Former senior Trump advisor says Arab-Israeli conflict in 'last vestiges'

Jared Kushner expressed hope that the Abraham Accords will usher in a new era of "friendly relations" in the Middle East.

Dan Verbin ,

Jared Kushner in the UAE
Jared Kushner in the UAE

Jared Kushner, former President Donald Trump's senior advisor and son-in-law, in an op-ed published Monday in the Wall Street Journal expressed hope that the Abraham Accords will usher in a new era, bringing to an end the "last vestiges of what has been known as the Arab-Israeli conflict."

Kushner, who was part of the negotiations which led to normalization between Israel and several key Arab and African nations, observed that "new, friendly relations are flowering."

Since Israel and Dubai normalized relations in August 2020, and with air travel now possible, according to the Israeli Airports Authority Israelis have been flocking to the Gulf emirate. Over 40,000 visited in December alone.

Kushner wrote about the myth that peace between Israel and its Arab neighbors could only take place after a peace deal was reached between Israel and the Palestinian Arabs. Kushner noted that "the Abraham Accords exposed the conflict as nothing more than a real-estate dispute between Israelis and Palestinians that need not hold up Israel's relations with the broader Arab world."
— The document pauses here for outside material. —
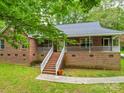 Charming brick home featuring a large front porch with white railings, surrounded by mature trees and landscaping at 4620 Binwhe Ln, Gastonia, NC 28052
Kushner also praised Trump for convincing Muslim-majority countries to tackle extremism. Specifically, he mentioned Saudi Arabia and its work in this area, which he said has made the United States safer and created today's more peaceful world. He also praised the former president's work brokering an end to the dispute between Saudi Arabia and Qatar, which shores up a stronger defense against the threat posed by Iran.

On the subject of the Iranian regime, the Biden administration is given credit for building on Trump's Iran policy and "calling Iran's bluff" on new nuclear talks.

Kushner wrote, “While many were troubled by the Biden team’s opening offer to work with Europe and rejoin the Iran deal, known as the Joint Comprehensive Plan of Action, I saw it as a smart diplomatic move. It revealed to the Europeans that the JCPOA is dead and only a new framework can bring stability for the future.”